*WHAT IS NEEDED*
Restate word for word the lines below, from the one containing "Honda: Honda Accord: 1998" through the final line, with no pictures included.

*EXCERPTED DATA*
··········
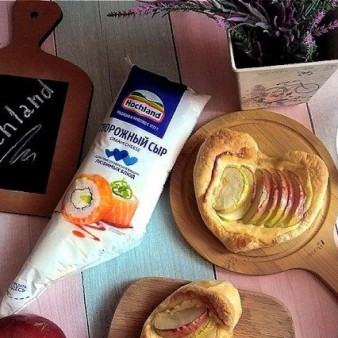 Сырно-яблочные слойки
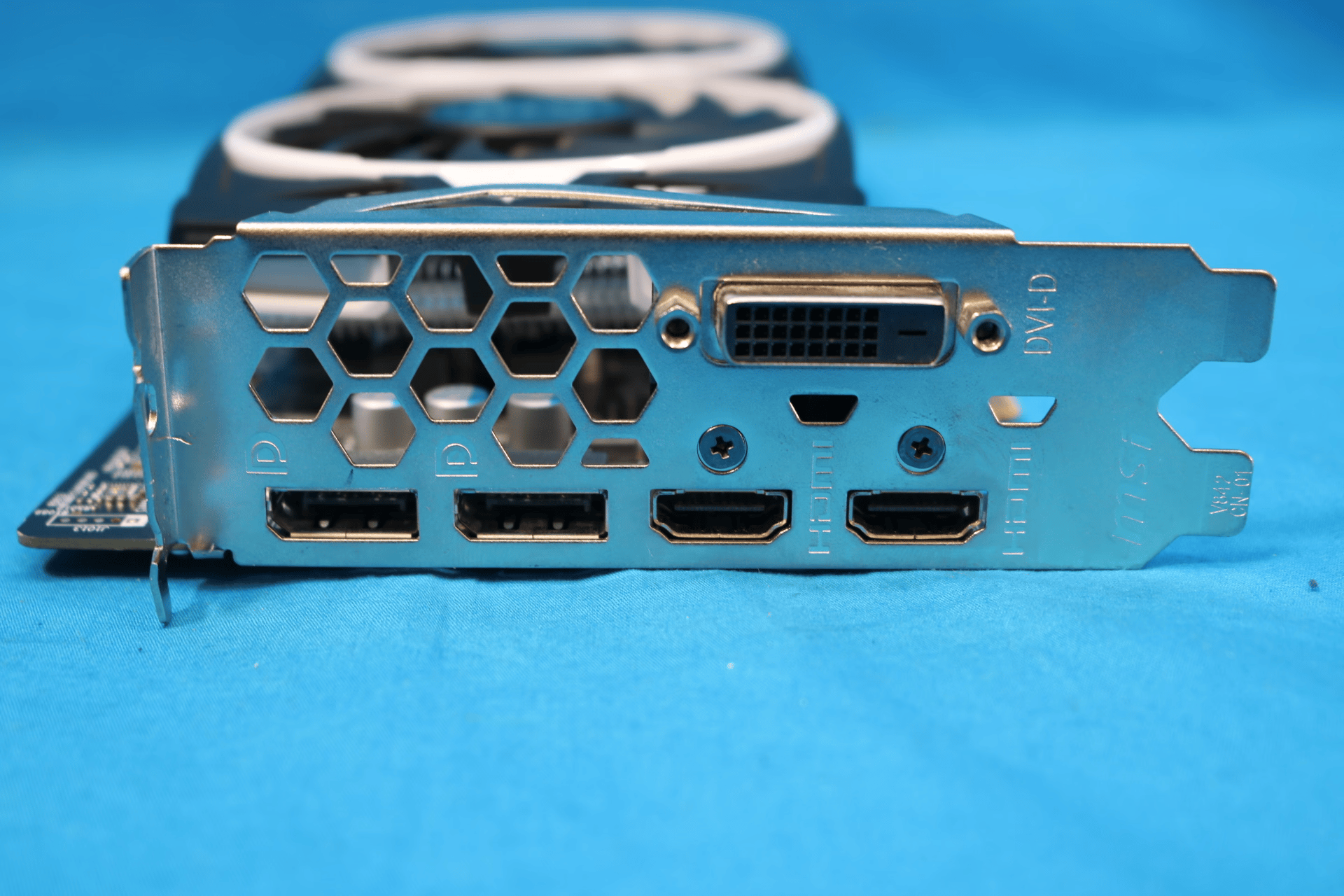 MSI AMD Radeon RX 580 ARMOR 8G OC GDDR5 PCIe 3.0 x16 Desktop GPU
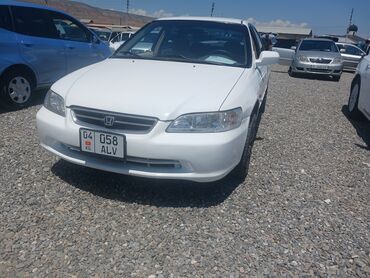 Honda: Honda Accord: 1998 г., 2 л, Автомат, Бензин, Седан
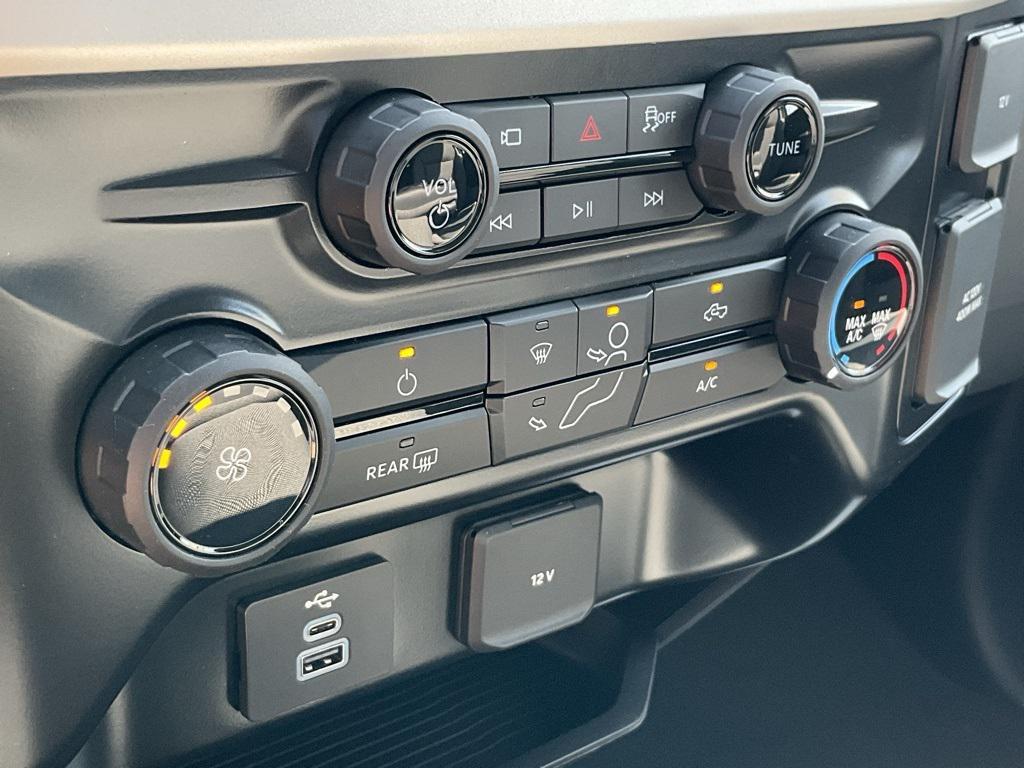 new 2025 Ford F-350 car, priced at $60,025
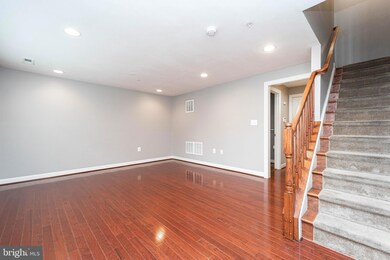 321 Bulwark Aly, Annapolis, MD 21401 - photo 4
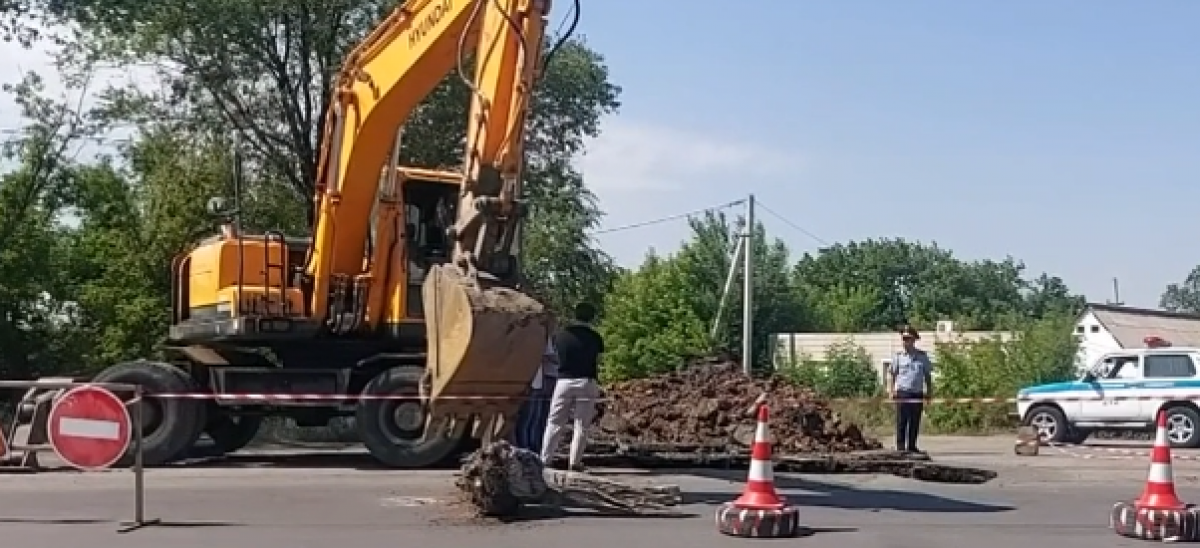 Старая канализация размыла автодорогу в Караганде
··········
*RESULT OF THE EXERCISE*
 Honda: Honda Accord: 1998 г., 2 л, Автомат, Бензин, Седан
 new 2025 Ford F-350 car, priced at $60,025
 321 Bulwark Aly, Annapolis, MD 21401 - photo 4
 Старая канализация размыла автодорогу в Караганде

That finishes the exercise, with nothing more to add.